● Task to complete
Look below for the line with "Souvenir Gelas Enamel (7cm)"; begin the copy there and stop after the line with "Estuche Organizador De", keeping the text exact and the pictures out.

● Provided data
------------------------------------------------

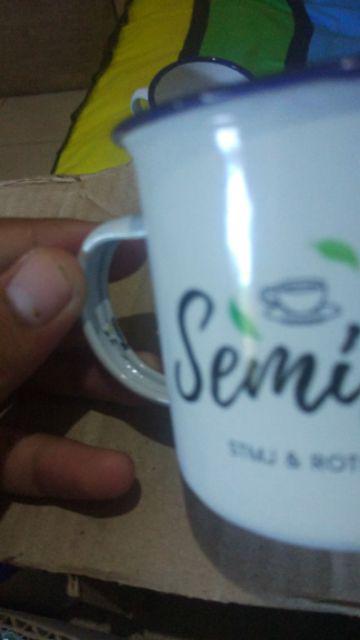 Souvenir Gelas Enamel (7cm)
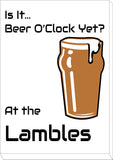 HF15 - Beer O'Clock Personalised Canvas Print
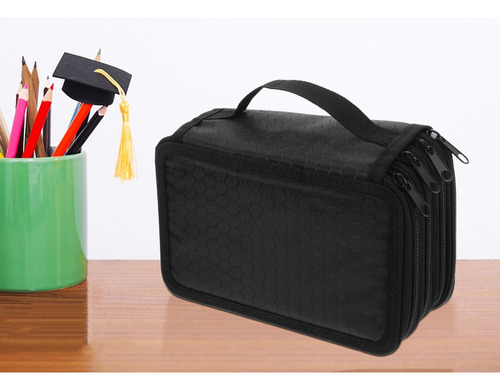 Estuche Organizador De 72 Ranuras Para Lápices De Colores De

------------------------------------------------

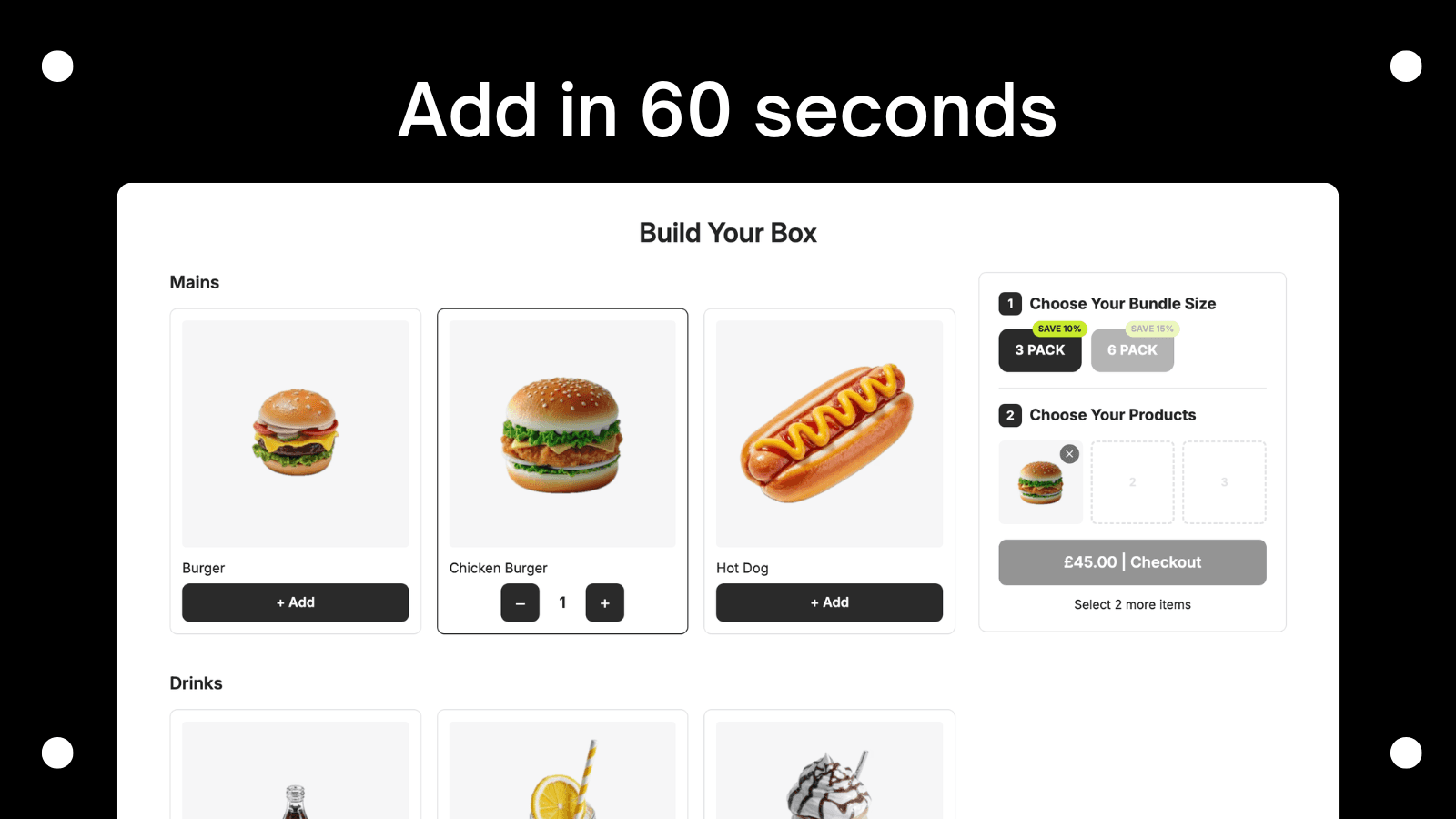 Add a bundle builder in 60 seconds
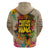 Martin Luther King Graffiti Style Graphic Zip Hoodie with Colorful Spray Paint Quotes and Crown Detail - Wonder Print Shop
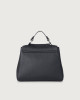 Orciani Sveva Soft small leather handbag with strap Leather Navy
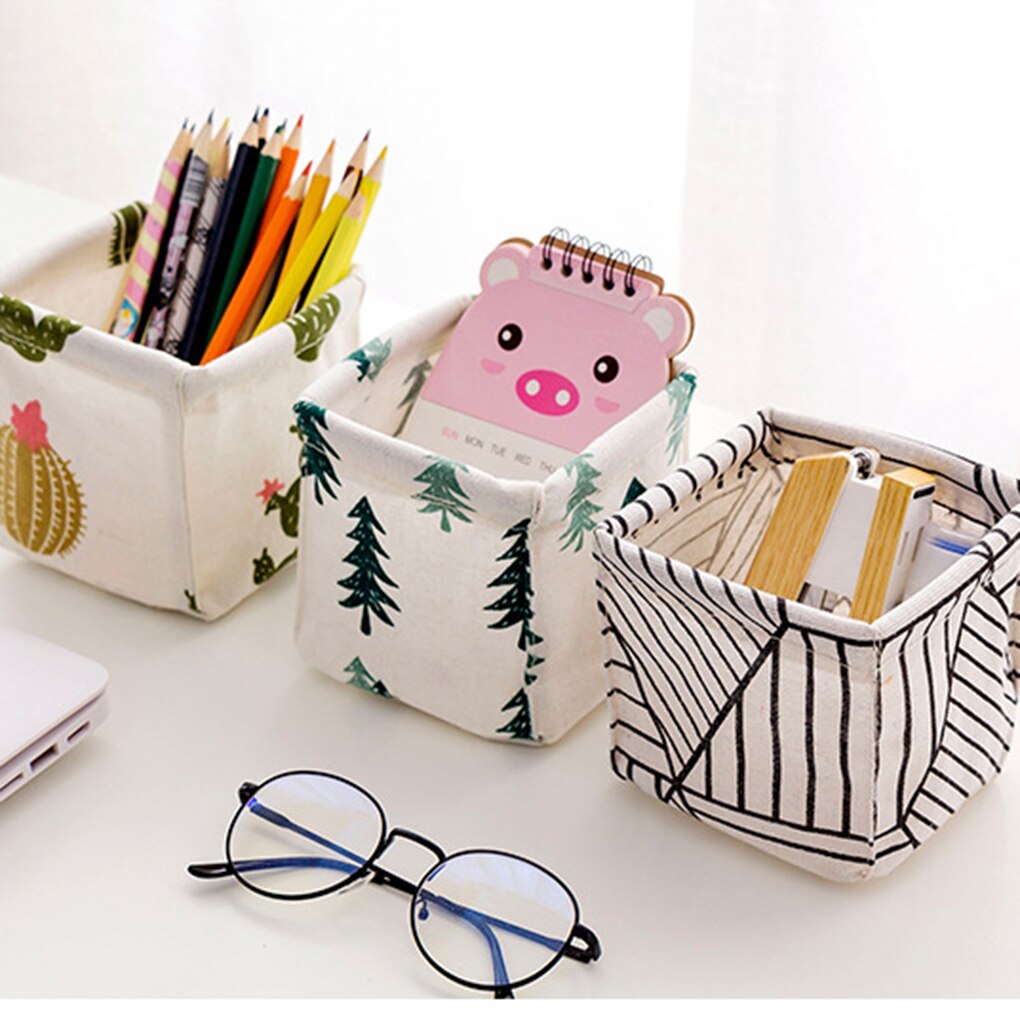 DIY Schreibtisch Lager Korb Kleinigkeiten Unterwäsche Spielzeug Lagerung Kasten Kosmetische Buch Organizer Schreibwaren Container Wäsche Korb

------------------------------------------------

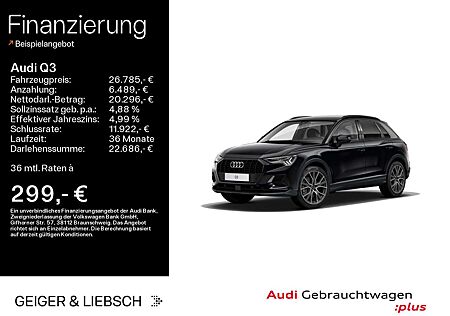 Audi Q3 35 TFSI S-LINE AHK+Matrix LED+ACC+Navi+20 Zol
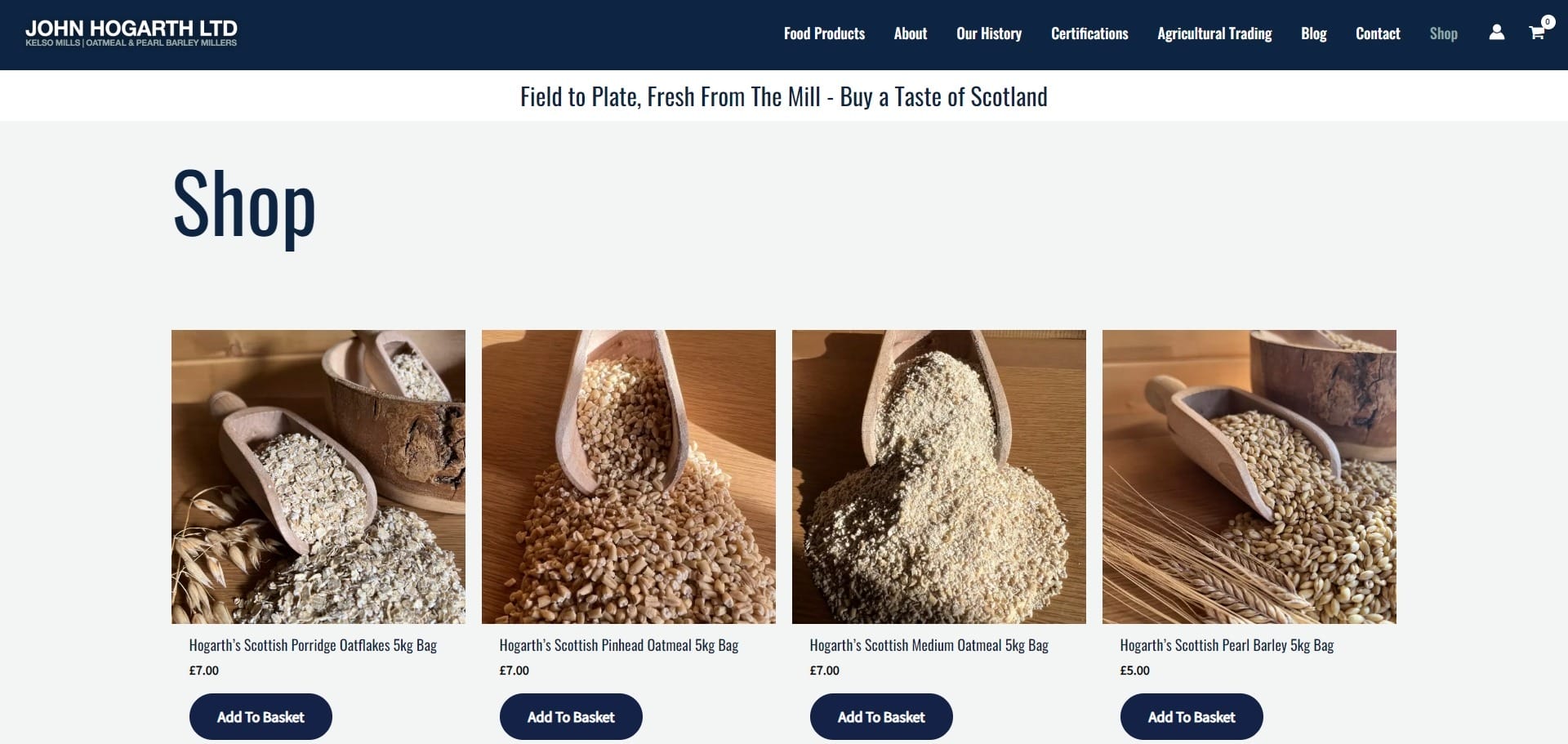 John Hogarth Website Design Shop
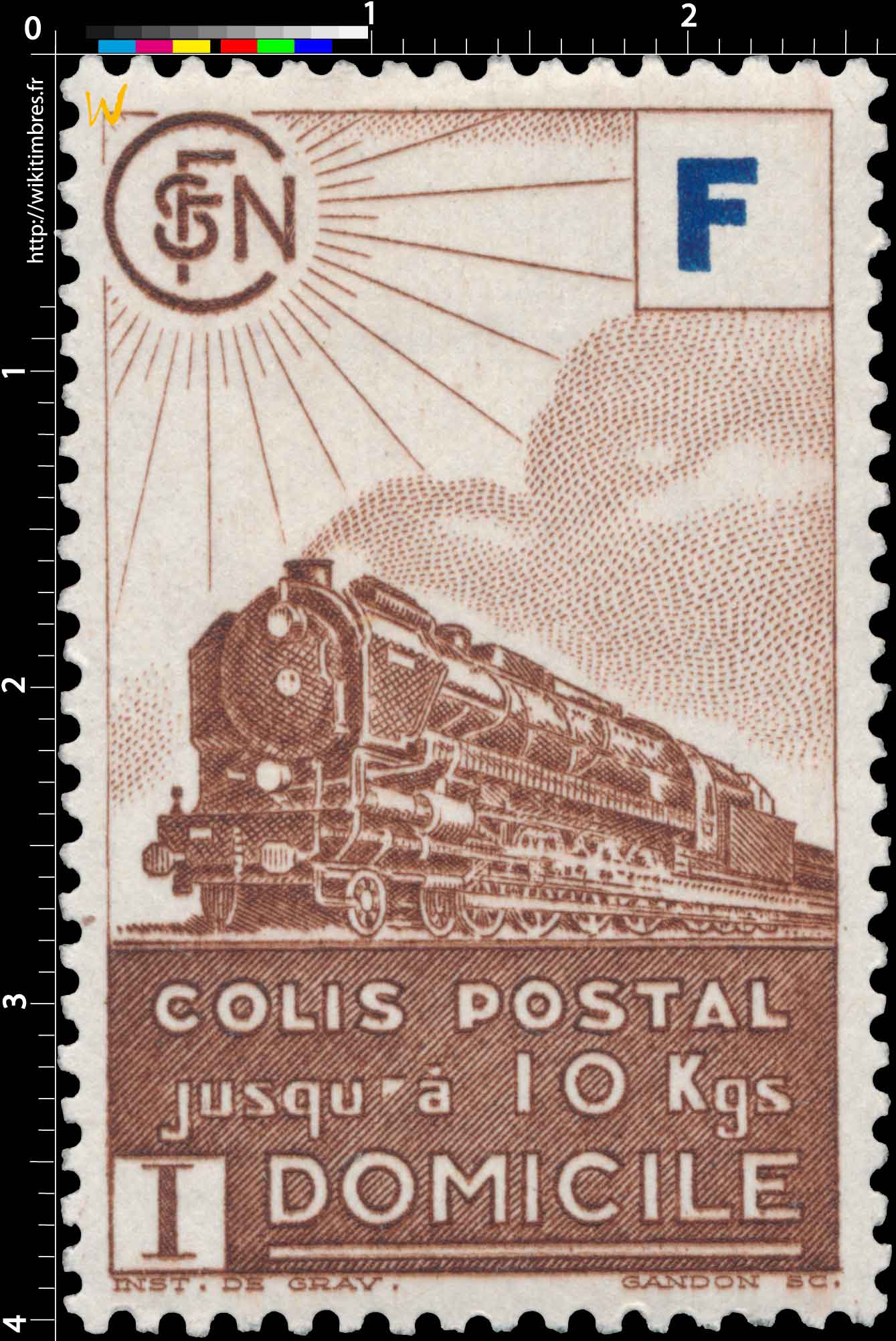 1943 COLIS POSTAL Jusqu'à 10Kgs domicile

------------------------------------------------

● The answer
 Souvenir Gelas Enamel (7cm)
 HF15 - Beer O'Clock Personalised Canvas Print
 Estuche Organizador De 72 Ranuras Para Lápices De Colores De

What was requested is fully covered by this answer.